Distributed LLM Inference on Deucalion’s ARM Partition with EPICURE Support
By Alícia Oliveira (INESC TEC / Deucalion)
Most Large Language Model (LLM) inference systems are designed for GPU clusters, especially in multi-node deployments. Still, ARM-based compute nodes are becoming increasingly relevant in research and production settings due to their energy efficiency, as explored here. A key challenge is making inference engines and orchestration stacks more hardware-agnostic so they can scale in CPU-only environments.
The main goal of this project is to scale LLM inference on Deucalion’s ARM partition across multiple nodes, combining vLLM, the inference serving layer, with Ray, an orchestration and distributed execution framework, to establish a baseline for distributed, CPU-only inference.
This publication is aimed at professionals with experience in Machine Learning and High-Performance Computing who are interested in scaling LLM inference on CPU-based clusters.

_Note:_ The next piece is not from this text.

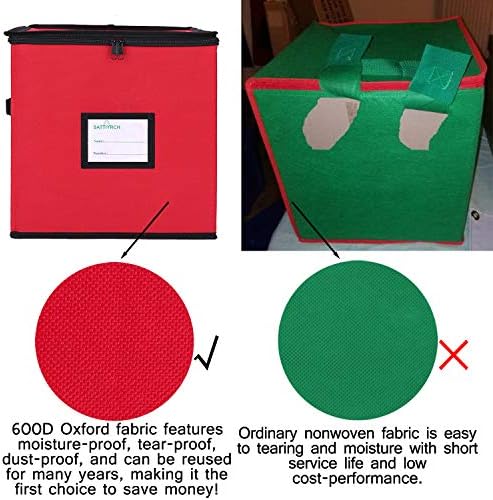 Sattiyrch Christmas Ornament Storage Box,600D Oxford Fabric Stores up-to 64 Standard Holiday Ornaments Holder,12 x 12 Inch 4 Layer Xmas Storage Containers,Red - Image 3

EPICURE support – What we did
We began by installing and validating vLLM on a single ARM CPU node. After that, we focused on adapting the vLLM code for multi-node execution using Ray. We experimented with two strategies for distributing the workload across machines: pipeline parallelism, in which different phases of the model run on separate nodes, and tensor parallelism, where the calculations within each layer are shared across multiple nodes. Additionally, we tested a hybrid strategy that combines both types of parallelism.

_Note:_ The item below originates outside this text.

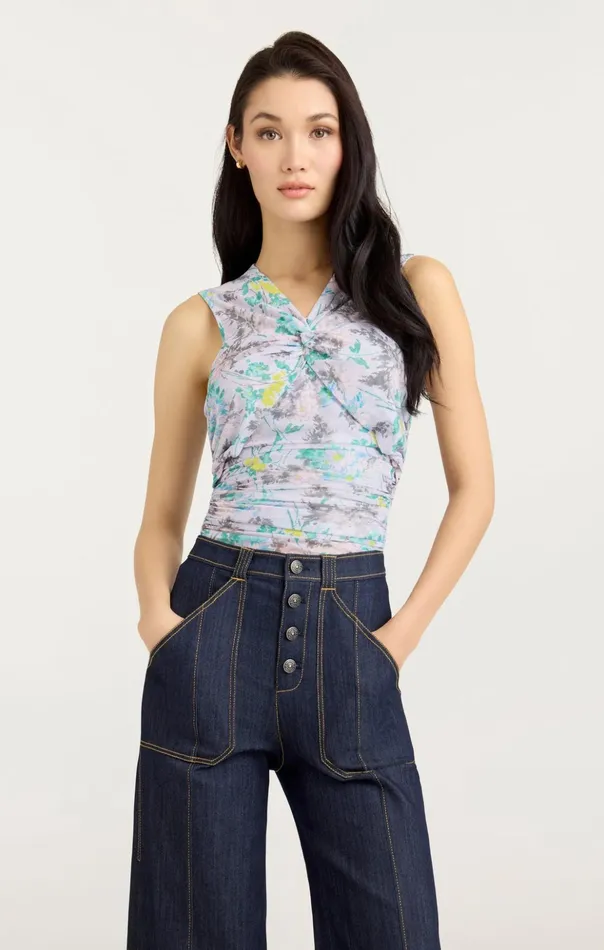 Women Cinq Sept Tank Tops and Camisoles Sleeveless Aniya Top Pastel Multi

To gain insight into the sources of performance gains and losses, we collected measurements during our experiments. We tracked CPU utilization, memory usage, and the growth of the key-value (KV) cache, which stores intermediate attention data to speed up text generation as sequences get longer. Additionally, we monitored inter-node communication to analyze how data movement and synchronization influenced scaling. This approach enabled us to distinguish between limitations caused by computation and those arising from memory pressure. It also helped us understand how scheduling choices in pipeline execution contributed to communication overhead.

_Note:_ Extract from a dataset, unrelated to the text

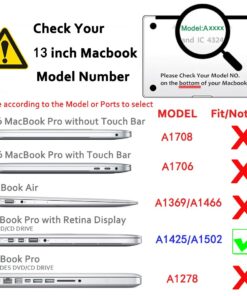 Se7enline Compatible with A1425/A1502 Case Touch Hard Shell Cover for MacBook Pro Retina 13 inch Laptop Accessories Sleeve Bag, Rubberized Keyboard Skin, LCD Screen Protector, Dust Plug,Deep Purple 13 inch (2020-Now Version) Red 19 71eoJn1EwFL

Value delivered through EPICURE support
We utilized Llama-3.1-8B on a 4-node ARM CPU setup and improved our end-to-end throughput by a factor of 3.7. This enhancement was achieved by optimizing CPU threading in PyTorch, ensuring stable KV-cache allocation under concurrent requests, and tuning pipeline micro-batching (i.e., splitting requests into smaller chunks to keep pipeline stages busy) to minimize unnecessary synchronization and communication overhead.
Overall, these results establish a foundation for future optimizations, focusing on enhancing memory efficiency, reducing latency, and refining pipeline execution based on inter-node communication costs. Additionally, the orchestration overhead we observed raises an important question for future research: Is Ray the best orchestration option for vLLM-based LLM inference at scale?